# range report, PT145



## rudy (Sep 24, 2007)

went to the range this past weekend, and i put 100 rounds through my PT145 with no hiccups. that makes the count to 300. no hiccups. i did have to send the gun back cause of the slide stop not working correctly. it would end up on the side of the of the slide. it took a good long while to get it back, thats why it took me over 5 months to put 300 rounds though it. other than that, the gun has had no malfuntions. cant be happier with it.


----------



## Randall Donahoo (Nov 2, 2007)

That's good to hear, Rudy. I love my PT-145.


----------



## rudy (Sep 24, 2007)

i dont think i can have a better combination with my glock 19. both are relatively small and are good carry and conceal handguns. long live sport shooting.


----------



## propellerhead (May 19, 2006)

I really liked my PT-145 until I had to send it back to Taurus. I lost confidence in it as a carry piece. Otherwise, it was fun to shoot. Ergonomics were great. It felt good in my hands.


----------



## rudy (Sep 24, 2007)

you know what i had to send it back and i dont know if i lost confidence in it. i got a glock 19, and that is what i use for my carry/conceal. i think i would need to put a hella good amount of rounds with my pt145 till i upgrade to my carry/conceal gun. but i love to shoot it though. it has 300 rounds already, no hiccups. long live sport shooting


----------



## hemmigremmie (Jan 23, 2008)

I just bought me a PT145 and it feels real good.
It seemed to shoot a little low, but Im not sure if I was just not using the sights right since Im new to it???
Anyone else notice this? Rod


----------



## propellerhead (May 19, 2006)

My thought is it's the long trigger. I typically shot low with my PT-145 the first few magazines. Most of my shooting is with XDs.
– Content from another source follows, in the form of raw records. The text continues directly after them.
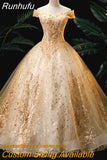 Runhufu The Shoulder Candy Color Quinceanera Dress 2023 Prom Dress Luxury Appliques Formal Ball Gown Vintage Vestido De Quincenera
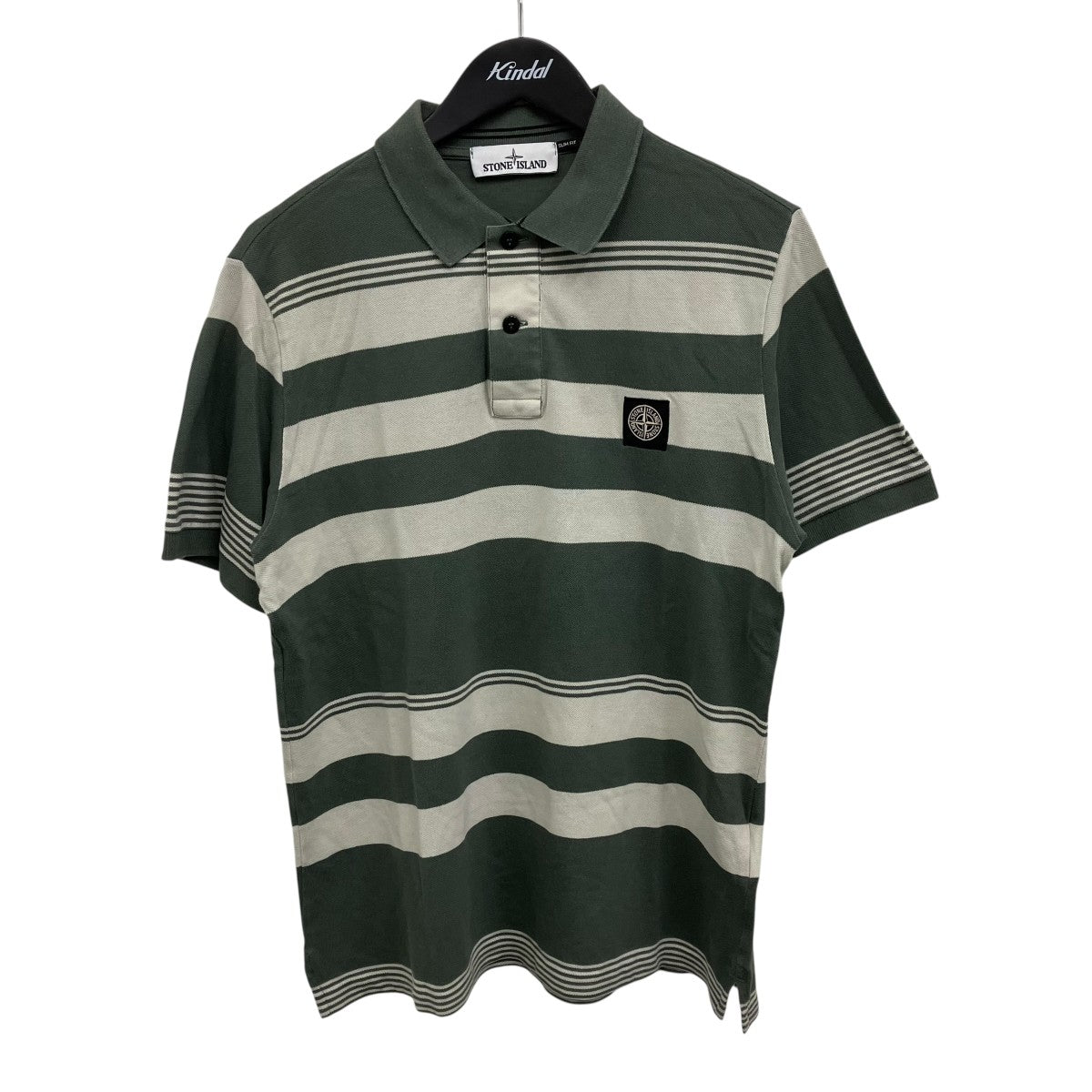 STONE ISLAND(ストーンアイランド) ポロシャツ 015222S37 グリーン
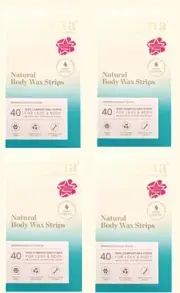 4×Marzena Natural Body Wax Strips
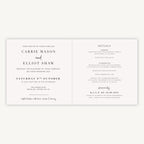 White Modern Script Folded Wedding Invitation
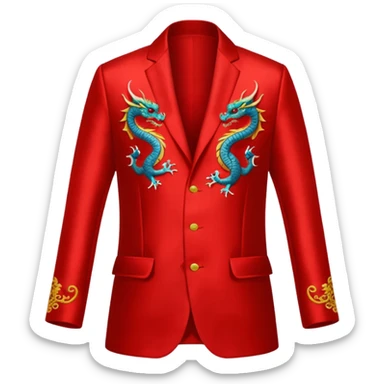 Tang suit jacket in red sticker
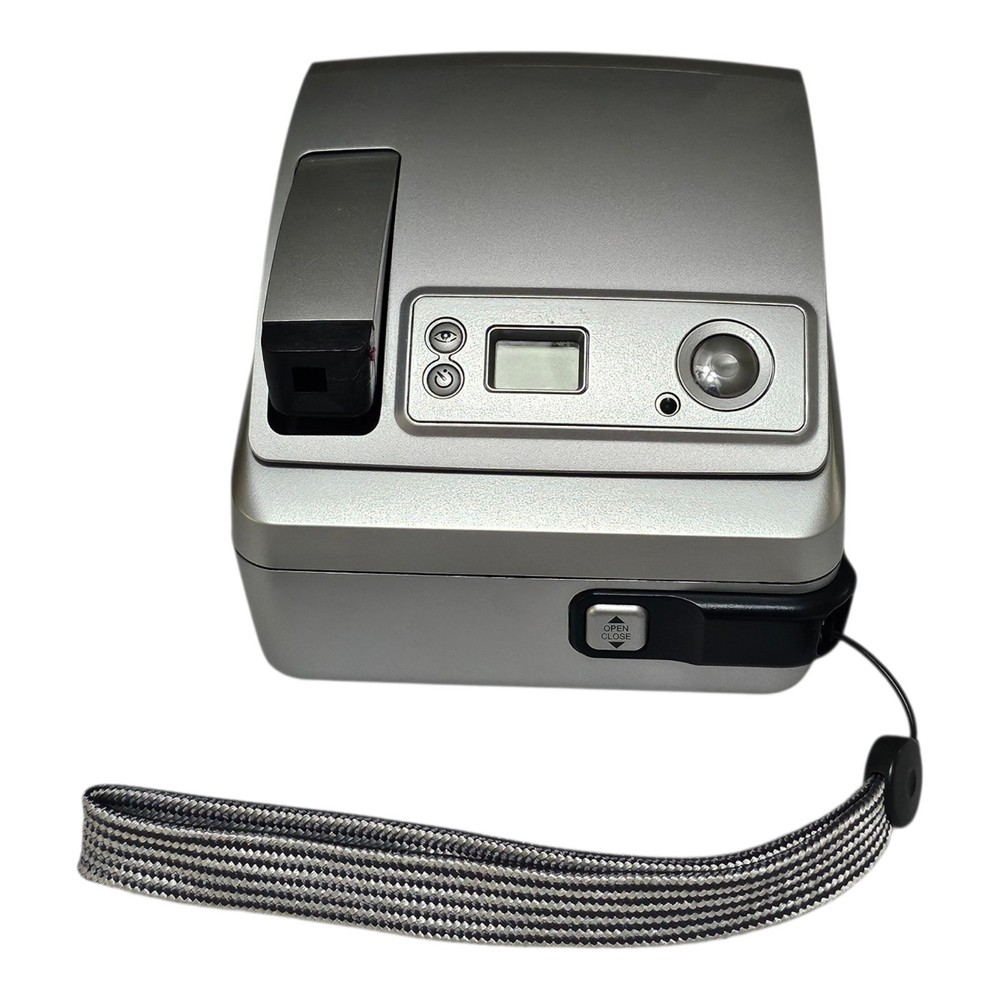 Polaroid One 600 Silver Instant Film Flash Camera Pop Up - UNTESTED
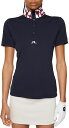 【送料無料】 Jリンドバーグ レディース ポロシャツ トップス J.Lindeberg Women's Pip Golf Polo Jl Navy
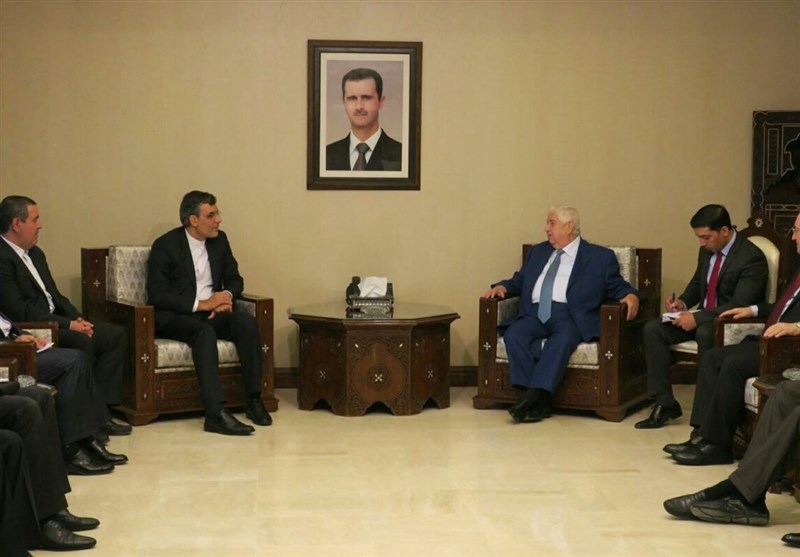 Iranian Diplomat, Syrian FM Discuss Peace Process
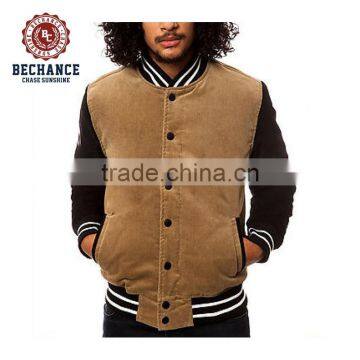 AD2707 classic warm constrast varsity jacket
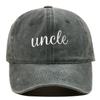 Washed Cotton Embroidery Baseball Cap Vintage Baseball Cap Fashion Couple Baseball Hats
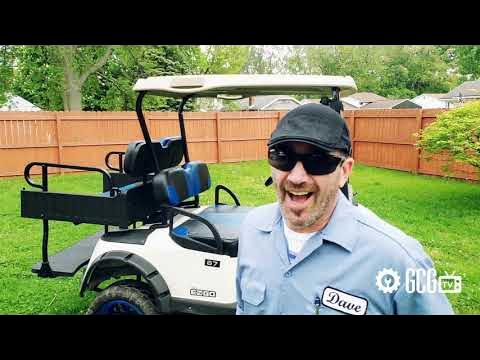 How To Add Golf Cart Rear Seat Cushions & Accessories, ASK DAVE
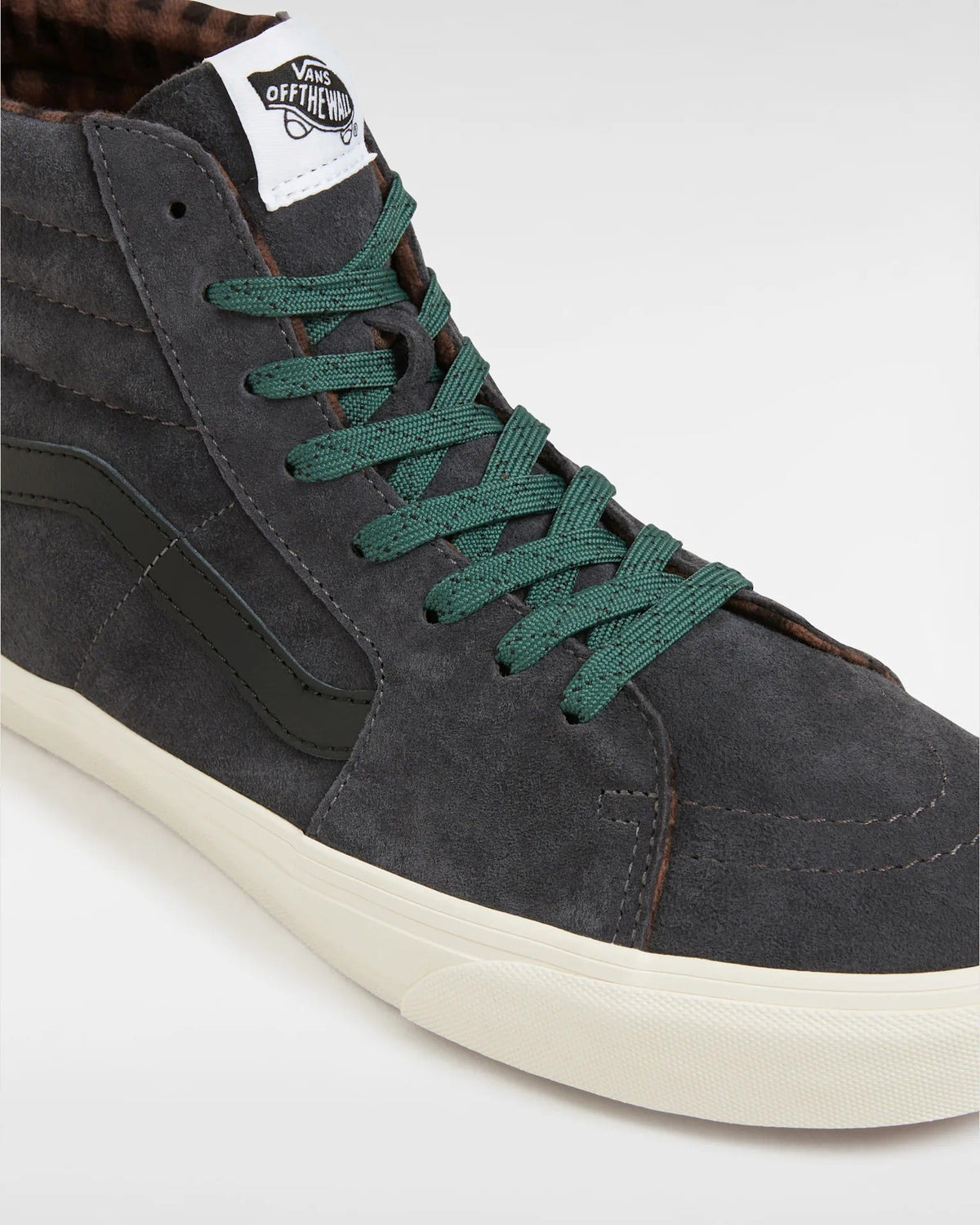 Vans SK8-Hi PIG SUEDE PLAID GRAY/BLACK Cipő VN000CMX2391 - 8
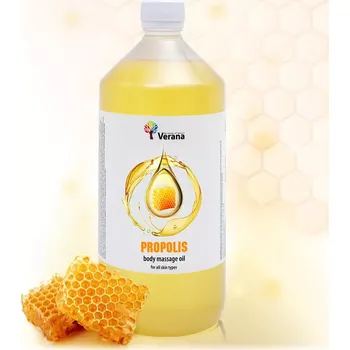 Masážní přípravek VERANA Propolis rostlinný masážní olej 1000ml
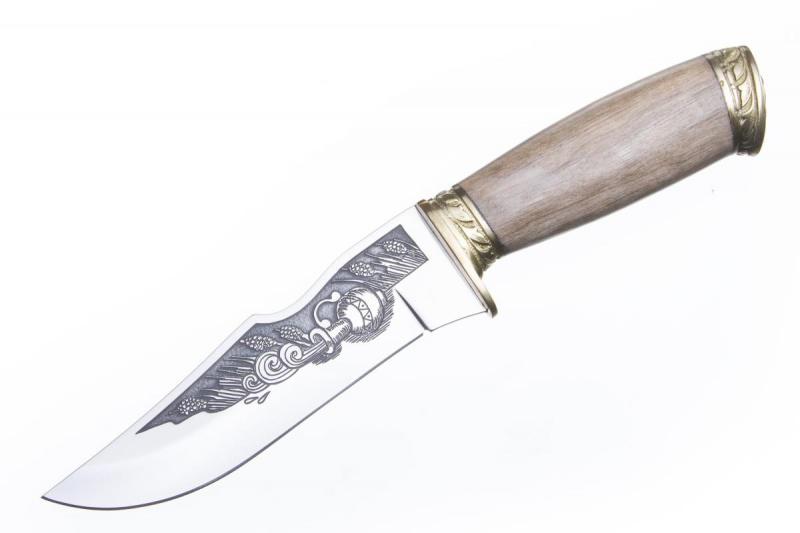 Разделочный нож «Зодиак латунь» 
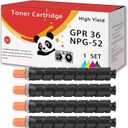 GPR 36 NPG-52 EXV34 Toner Cartridge Compatible for Canon 3782B003AA 3783B003AA 3784B003AA 3785B003AA Imagerunner Advance C2020 C2225i C2030 C2220 C2225 C2230 C2025i Printers (Multicolor)
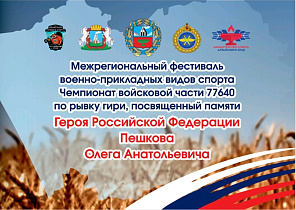 В Барнауле состоится V Межрегиональный фестиваль военно-прикладных видов спорта, посвященный памяти Героя РФ Олега Пешкова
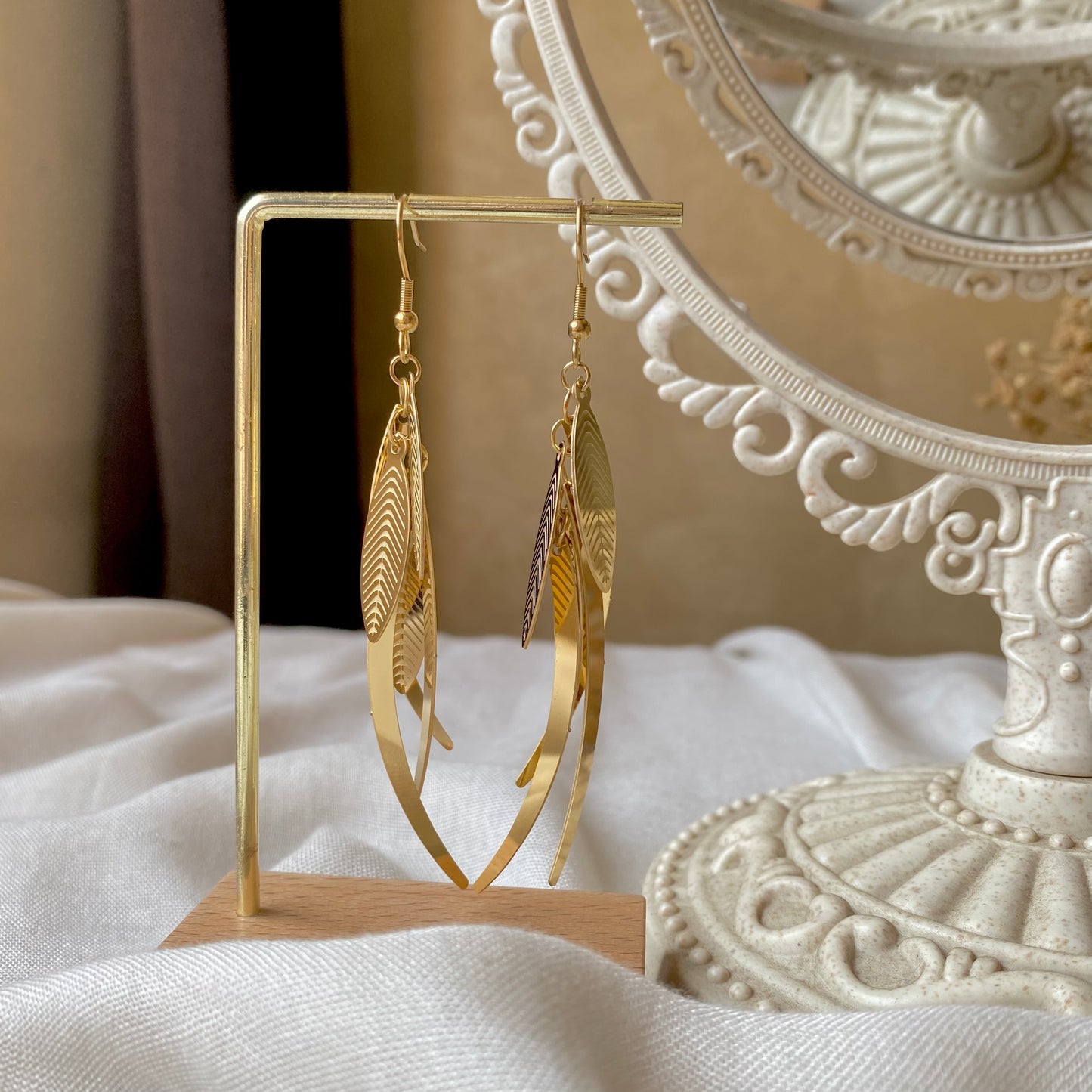 40510 gold plated Earrings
Compared to the PT-145, the XD triggers are short.


----------



## rudy (Sep 24, 2007)

there is my baby


----------



## hemmigremmie (Jan 23, 2008)

Do they consider this the Millinium pro or just the Millinium???
Mine says pro after the PT145, but not after the big Milinium sign??? Just curious. HG:smt1099


----------



## rudy (Sep 24, 2007)

yes they do consider it a millenium pro. i think someone mentioned it was a 3 generation pt145.


----------